Nossas lojas também costumam ser ruins em se tratando de infra-estrutura. Costuma ficar tudo atrás de uma balcão, desestimulando que o cliente compre por impulso (com a chegada da Sephora, talvez ocurra alguma melhora).
Impostos: causa clássica para os cosméticos vendidos aqui custarem tão caros.
Quando um produto importado custa muito aqui, vejo muitos comentários assim: “nem 60% de impostos justificam um preço tão alto”. Não sei de onde é que tiraram que são “apenas” 60% de impostos que costumam cobrar, por exemplo, sobre um perfume importado. Somando PIS, CONFINS, ICMS etc.; os impostos podem chegar a algo em torno de 170%!
Baixa concorrência: certa vez uma americana disse que o Brasil é um dos países mais fáceis do mundo para ganhar-se dinheiro, uma vez que a concorrência aqui é muito baixa. Ela está correta. Estas diversas marcas que são vistas em drogarias, supemercados e lojas mais sofisticadas, na verdade, costumam pertencer a algumas poucas multi-nacionais (L’oréal, Beiersdorf AG, Unilever, Procter & Gamble, entre outras).
“Mas agora há Benefit, Makeup For Ever, Oscar Blandi, Josie Maran…”.
Não é bem assim. O que há é um importador trazendo (poucos) produtos de (poucas) marcas. Estas marcas não estão atuando diretamente aqui. Pelos mesmos motivo que Mac (eletrônicos) também não.
O quadro pode mudar?

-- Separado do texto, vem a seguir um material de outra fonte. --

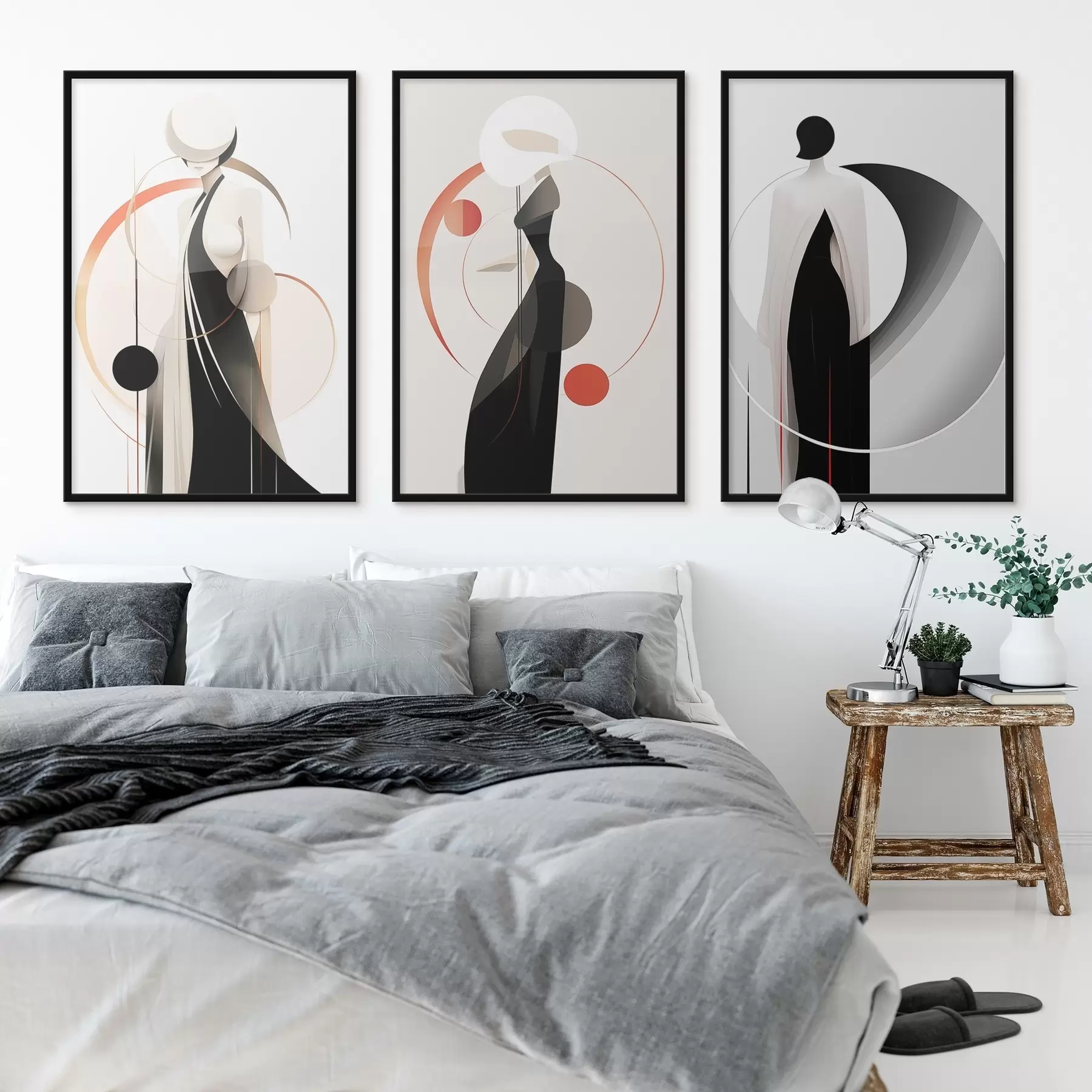 murales de pared Danza de la ternura d00455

A curto prazo, acho difícil. Talvez até surja algum governo realmente comprometido em reduzir a carga tributária, o que melhoraria bastante. Mas a burocracia, que é um dos principais fatores para cosméticos custarem tanto no Brasil, faz parte da nossa cultura. Vem desde o tempo em que Brasil era colônia de Portugal, em que tudo o que era feito precisava ser autorizado pela Coroa (atualmente é pelo governo que esteja no poder). E não vejo como mudar hábitos culturais de uma nação com quase 200 milhões de habitantes de um dia para o outro. Por outro lado, cada vez mais brasileiros estão indo estudar em países desenvolvidos. Os que voltarem, provavelmente estarão com uma visão menos burocrática do mundo e com vontade de mudarem certas coisas que atravancam o desenvolvimento da indústria – inclusive cosmética – e elevam os preços cobrados no nosso país.